DIRECTIONS:
Verbatim copy, images omitted: return the full listing.
┌─ RAW DATA
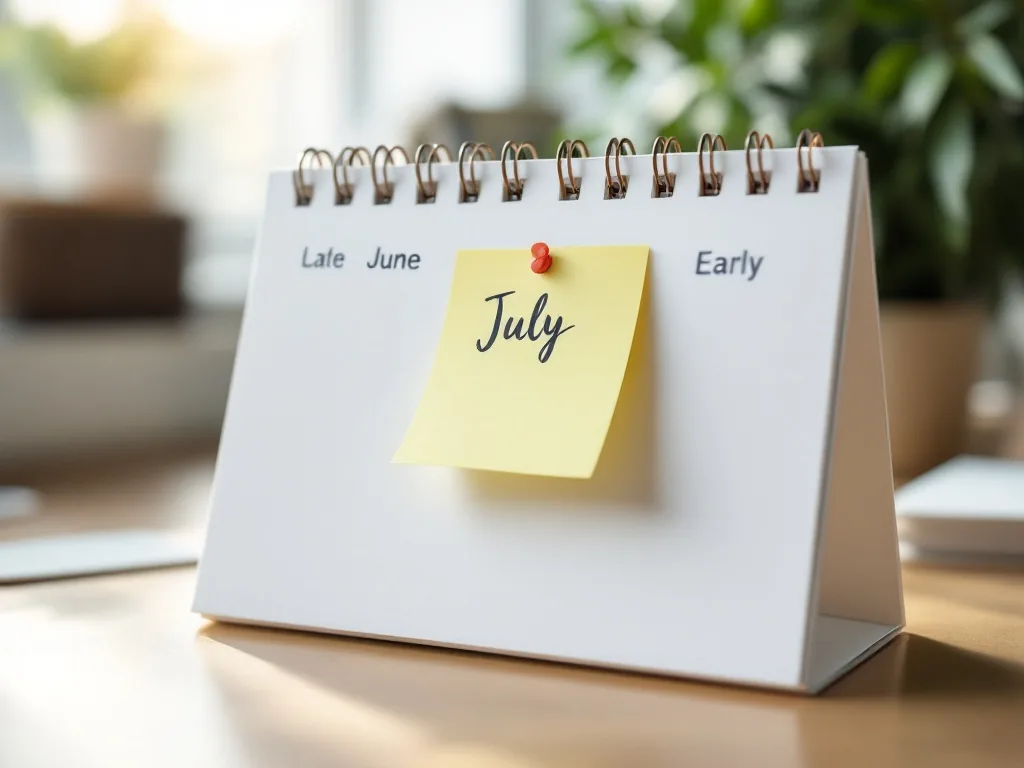 a calendar on a desk showing late June and early July with a sticky note reminder, soft natural window light, close-up, organized home office setting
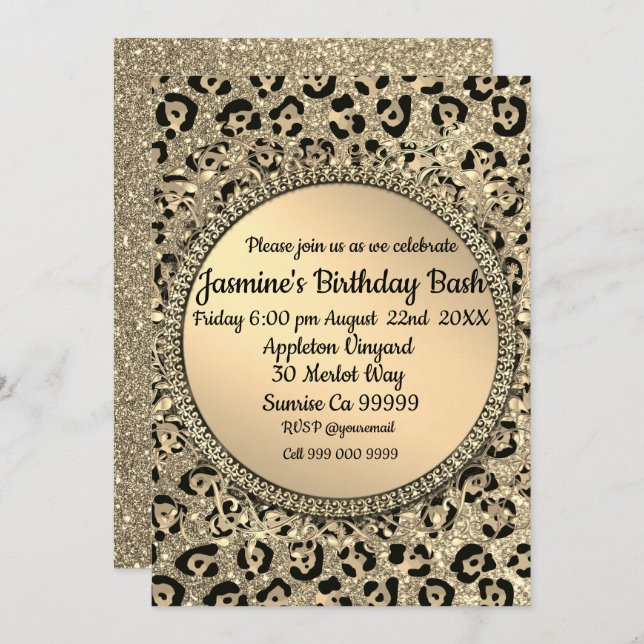 Gold Glitter Glam Leopard Print Birthday  Invitation (Front/Back)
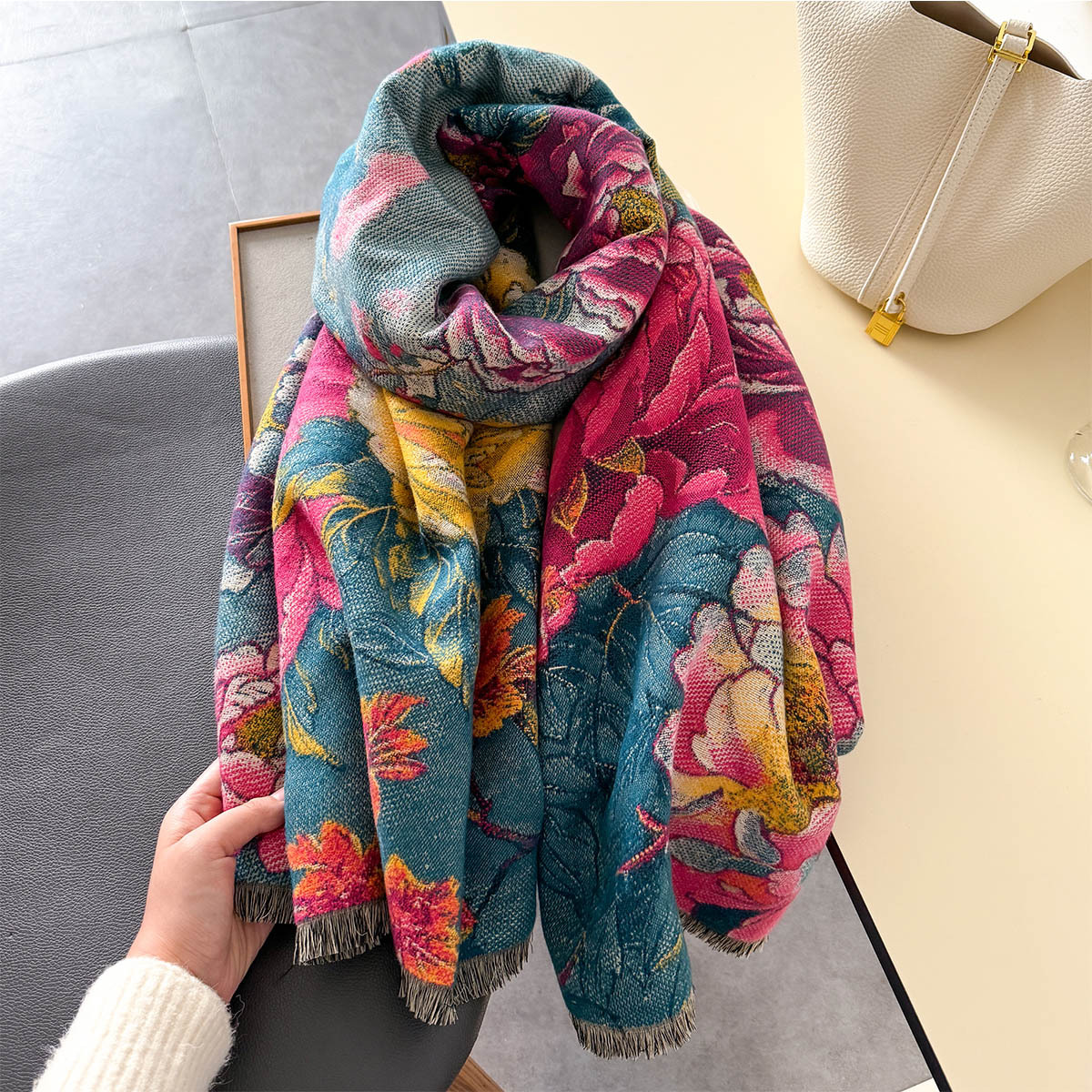 Warm Cashmere Scarf Women Shaw - Woven Scarf Blanket บทวิจารณ์และราคา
└─
SOLUTION TO THE EXERCISE:
 a calendar on a desk showing late June and early July with a sticky note reminder, soft natural window light, close-up, organized home office setting
 Gold Glitter Glam Leopard Print Birthday  Invitation (Front/Back)
 Warm Cashmere Scarf Women Shaw - Woven Scarf Blanket บทวิจารณ์และราคา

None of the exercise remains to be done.